Exercise aim: Everything from the line with "10.1 Inch RK3568" through the last line of the data below should be copied exactly, apart from the pictures.

Data block:
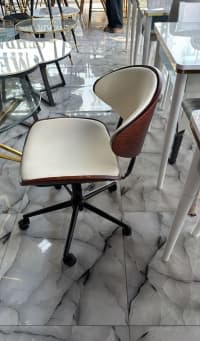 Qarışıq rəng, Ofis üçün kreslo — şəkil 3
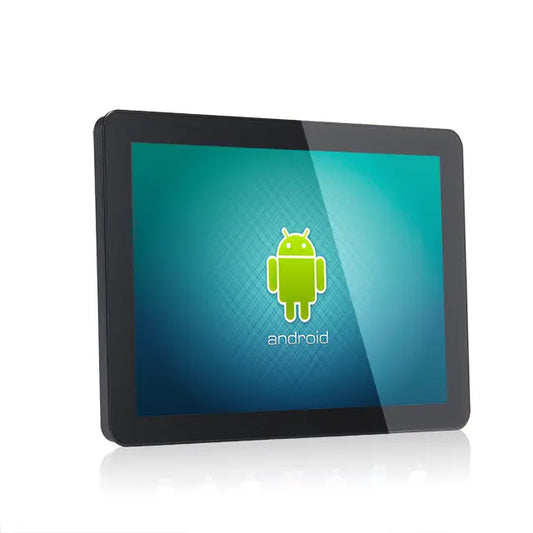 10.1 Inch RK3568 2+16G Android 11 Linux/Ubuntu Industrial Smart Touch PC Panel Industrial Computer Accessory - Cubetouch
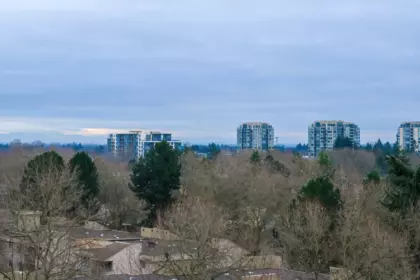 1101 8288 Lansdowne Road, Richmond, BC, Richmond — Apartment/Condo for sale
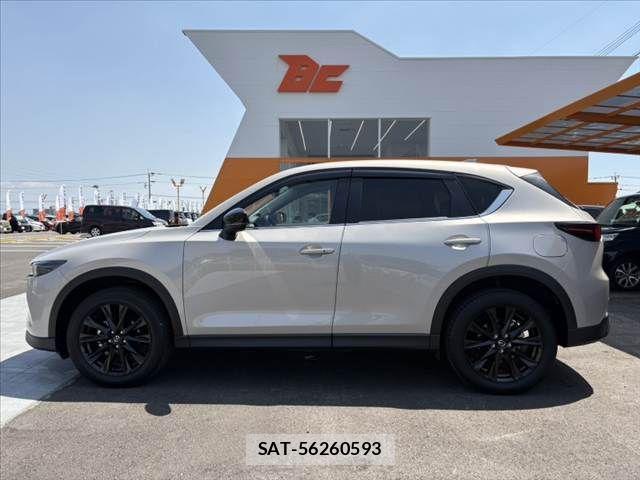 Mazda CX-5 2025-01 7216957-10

Result of the exercise:
 10.1 Inch RK3568 2+16G Android 11 Linux/Ubuntu Industrial Smart Touch PC Panel Industrial Computer Accessory - Cubetouch
 1101 8288 Lansdowne Road, Richmond, BC, Richmond — Apartment/Condo for sale
 Mazda CX-5 2025-01 7216957-10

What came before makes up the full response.